**** Data for review

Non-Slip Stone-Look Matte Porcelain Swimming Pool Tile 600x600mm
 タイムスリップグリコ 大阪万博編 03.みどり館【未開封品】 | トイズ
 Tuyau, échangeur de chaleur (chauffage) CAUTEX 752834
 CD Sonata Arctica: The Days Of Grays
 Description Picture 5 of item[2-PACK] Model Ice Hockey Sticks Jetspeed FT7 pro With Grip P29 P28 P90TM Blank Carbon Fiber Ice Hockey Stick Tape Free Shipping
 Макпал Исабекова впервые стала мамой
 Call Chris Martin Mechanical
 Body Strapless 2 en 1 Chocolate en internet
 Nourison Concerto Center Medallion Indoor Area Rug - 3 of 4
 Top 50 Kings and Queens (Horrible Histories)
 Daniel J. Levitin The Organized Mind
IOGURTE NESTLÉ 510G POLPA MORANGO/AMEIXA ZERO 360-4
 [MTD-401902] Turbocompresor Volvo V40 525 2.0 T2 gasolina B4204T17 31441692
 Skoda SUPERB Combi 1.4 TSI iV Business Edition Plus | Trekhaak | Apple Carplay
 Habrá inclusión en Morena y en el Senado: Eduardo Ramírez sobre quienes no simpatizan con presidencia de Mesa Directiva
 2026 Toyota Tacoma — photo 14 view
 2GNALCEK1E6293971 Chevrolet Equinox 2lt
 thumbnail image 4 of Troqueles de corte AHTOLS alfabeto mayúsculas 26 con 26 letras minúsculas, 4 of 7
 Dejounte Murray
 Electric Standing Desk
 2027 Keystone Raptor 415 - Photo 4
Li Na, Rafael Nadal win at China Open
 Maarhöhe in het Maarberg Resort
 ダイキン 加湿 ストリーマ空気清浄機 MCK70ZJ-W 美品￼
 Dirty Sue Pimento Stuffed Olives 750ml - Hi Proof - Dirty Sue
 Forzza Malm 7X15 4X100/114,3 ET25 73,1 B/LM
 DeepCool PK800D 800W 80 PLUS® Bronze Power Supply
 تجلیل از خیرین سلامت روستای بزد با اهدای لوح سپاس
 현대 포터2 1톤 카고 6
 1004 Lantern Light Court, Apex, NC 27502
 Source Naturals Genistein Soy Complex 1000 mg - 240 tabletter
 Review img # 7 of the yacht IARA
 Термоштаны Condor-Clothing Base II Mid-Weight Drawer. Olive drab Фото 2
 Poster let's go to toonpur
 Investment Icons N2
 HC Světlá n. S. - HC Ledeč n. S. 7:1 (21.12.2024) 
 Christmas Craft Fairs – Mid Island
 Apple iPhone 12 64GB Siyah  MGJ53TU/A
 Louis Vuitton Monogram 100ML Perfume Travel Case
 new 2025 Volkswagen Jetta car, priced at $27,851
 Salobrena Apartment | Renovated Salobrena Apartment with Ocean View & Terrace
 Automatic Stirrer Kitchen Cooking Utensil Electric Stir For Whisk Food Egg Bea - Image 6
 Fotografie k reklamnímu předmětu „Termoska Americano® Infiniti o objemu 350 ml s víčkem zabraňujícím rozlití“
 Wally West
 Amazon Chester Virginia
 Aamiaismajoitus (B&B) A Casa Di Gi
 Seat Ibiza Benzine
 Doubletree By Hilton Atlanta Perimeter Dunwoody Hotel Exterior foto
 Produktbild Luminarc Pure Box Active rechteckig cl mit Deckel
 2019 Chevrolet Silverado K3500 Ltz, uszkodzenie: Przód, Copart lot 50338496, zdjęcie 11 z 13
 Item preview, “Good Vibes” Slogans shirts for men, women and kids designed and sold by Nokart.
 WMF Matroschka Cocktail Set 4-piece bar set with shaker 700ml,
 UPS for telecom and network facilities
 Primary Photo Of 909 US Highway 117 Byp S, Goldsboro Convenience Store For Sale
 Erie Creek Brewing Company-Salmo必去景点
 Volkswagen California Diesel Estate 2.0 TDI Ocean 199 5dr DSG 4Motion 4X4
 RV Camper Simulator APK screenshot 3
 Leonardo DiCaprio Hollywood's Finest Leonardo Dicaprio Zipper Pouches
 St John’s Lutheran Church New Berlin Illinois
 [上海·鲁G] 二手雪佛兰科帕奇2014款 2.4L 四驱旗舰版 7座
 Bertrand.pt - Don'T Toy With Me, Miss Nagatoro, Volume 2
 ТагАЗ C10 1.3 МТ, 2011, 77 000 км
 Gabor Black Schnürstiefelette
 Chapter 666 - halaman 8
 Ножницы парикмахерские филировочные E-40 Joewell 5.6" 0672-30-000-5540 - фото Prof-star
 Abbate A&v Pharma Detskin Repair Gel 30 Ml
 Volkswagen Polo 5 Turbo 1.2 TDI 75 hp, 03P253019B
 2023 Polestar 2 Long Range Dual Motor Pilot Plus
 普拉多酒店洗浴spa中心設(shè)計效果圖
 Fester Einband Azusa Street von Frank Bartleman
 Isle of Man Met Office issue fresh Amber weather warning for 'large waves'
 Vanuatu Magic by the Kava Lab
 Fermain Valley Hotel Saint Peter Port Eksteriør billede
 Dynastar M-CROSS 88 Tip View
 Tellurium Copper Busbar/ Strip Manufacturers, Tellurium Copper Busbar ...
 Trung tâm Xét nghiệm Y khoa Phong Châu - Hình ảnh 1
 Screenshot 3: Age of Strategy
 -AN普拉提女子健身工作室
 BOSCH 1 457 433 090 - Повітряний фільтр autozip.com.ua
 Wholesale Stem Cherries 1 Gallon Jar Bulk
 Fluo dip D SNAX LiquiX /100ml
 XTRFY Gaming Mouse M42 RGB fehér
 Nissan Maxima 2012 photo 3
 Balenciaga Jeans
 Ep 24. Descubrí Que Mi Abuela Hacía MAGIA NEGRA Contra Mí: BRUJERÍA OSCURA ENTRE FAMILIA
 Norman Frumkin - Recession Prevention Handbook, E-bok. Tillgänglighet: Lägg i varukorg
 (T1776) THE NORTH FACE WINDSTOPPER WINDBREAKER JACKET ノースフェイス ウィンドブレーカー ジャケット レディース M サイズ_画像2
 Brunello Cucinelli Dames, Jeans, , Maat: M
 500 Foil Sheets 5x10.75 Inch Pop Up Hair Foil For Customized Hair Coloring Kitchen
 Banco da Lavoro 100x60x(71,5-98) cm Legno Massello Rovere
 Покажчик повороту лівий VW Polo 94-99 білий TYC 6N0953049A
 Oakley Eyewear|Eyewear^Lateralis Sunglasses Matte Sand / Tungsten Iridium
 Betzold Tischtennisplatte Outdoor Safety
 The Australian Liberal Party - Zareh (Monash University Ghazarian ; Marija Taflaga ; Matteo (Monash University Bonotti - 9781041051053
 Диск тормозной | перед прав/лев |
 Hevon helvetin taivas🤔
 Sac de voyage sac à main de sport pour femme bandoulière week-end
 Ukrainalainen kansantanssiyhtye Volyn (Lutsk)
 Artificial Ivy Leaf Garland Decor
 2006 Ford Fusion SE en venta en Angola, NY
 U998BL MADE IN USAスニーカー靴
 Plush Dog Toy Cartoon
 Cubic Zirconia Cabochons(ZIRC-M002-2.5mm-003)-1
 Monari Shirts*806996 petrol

********

Task description: Give back the lines word for word, from the very first in the material above to the one that has "Automatic Stirrer Kitchen", both included, without the pictures.

Your response:
Non-Slip Stone-Look Matte Porcelain Swimming Pool Tile 600x600mm
 タイムスリップグリコ 大阪万博編 03.みどり館【未開封品】 | トイズ
 Tuyau, échangeur de chaleur (chauffage) CAUTEX 752834
 CD Sonata Arctica: The Days Of Grays
 Description Picture 5 of item[2-PACK] Model Ice Hockey Sticks Jetspeed FT7 pro With Grip P29 P28 P90TM Blank Carbon Fiber Ice Hockey Stick Tape Free Shipping
 Макпал Исабекова впервые стала мамой
 Call Chris Martin Mechanical
 Body Strapless 2 en 1 Chocolate en internet
 Nourison Concerto Center Medallion Indoor Area Rug - 3 of 4
 Top 50 Kings and Queens (Horrible Histories)
 Daniel J. Levitin The Organized Mind
IOGURTE NESTLÉ 510G POLPA MORANGO/AMEIXA ZERO 360-4
 [MTD-401902] Turbocompresor Volvo V40 525 2.0 T2 gasolina B4204T17 31441692
 Skoda SUPERB Combi 1.4 TSI iV Business Edition Plus | Trekhaak | Apple Carplay
 Habrá inclusión en Morena y en el Senado: Eduardo Ramírez sobre quienes no simpatizan con presidencia de Mesa Directiva
 2026 Toyota Tacoma — photo 14 view
 2GNALCEK1E6293971 Chevrolet Equinox 2lt
 thumbnail image 4 of Troqueles de corte AHTOLS alfabeto mayúsculas 26 con 26 letras minúsculas, 4 of 7
 Dejounte Murray
 Electric Standing Desk
 2027 Keystone Raptor 415 - Photo 4
Li Na, Rafael Nadal win at China Open
 Maarhöhe in het Maarberg Resort
 ダイキン 加湿 ストリーマ空気清浄機 MCK70ZJ-W 美品
 Dirty Sue Pimento Stuffed Olives 750ml - Hi Proof - Dirty Sue
 Forzza Malm 7X15 4X100/114,3 ET25 73,1 B/LM
 DeepCool PK800D 800W 80 PLUS® Bronze Power Supply
 تجلیل از خیرین سلامت روستای بزد با اهدای لوح سپاس
 현대 포터2 1톤 카고 6
 1004 Lantern Light Court, Apex, NC 27502
 Source Naturals Genistein Soy Complex 1000 mg - 240 tabletter
 Review img # 7 of the yacht IARA
 Термоштаны Condor-Clothing Base II Mid-Weight Drawer. Olive drab Фото 2
 Poster let's go to toonpur
 Investment Icons N2
 HC Světlá n. S. - HC Ledeč n. S. 7:1 (21.12.2024) 
 Christmas Craft Fairs – Mid Island
 Apple iPhone 12 64GB Siyah  MGJ53TU/A
 Louis Vuitton Monogram 100ML Perfume Travel Case
 new 2025 Volkswagen Jetta car, priced at $27,851
 Salobrena Apartment | Renovated Salobrena Apartment with Ocean View & Terrace
 Automatic Stirrer Kitchen Cooking Utensil Electric Stir For Whisk Food Egg Bea - Image 6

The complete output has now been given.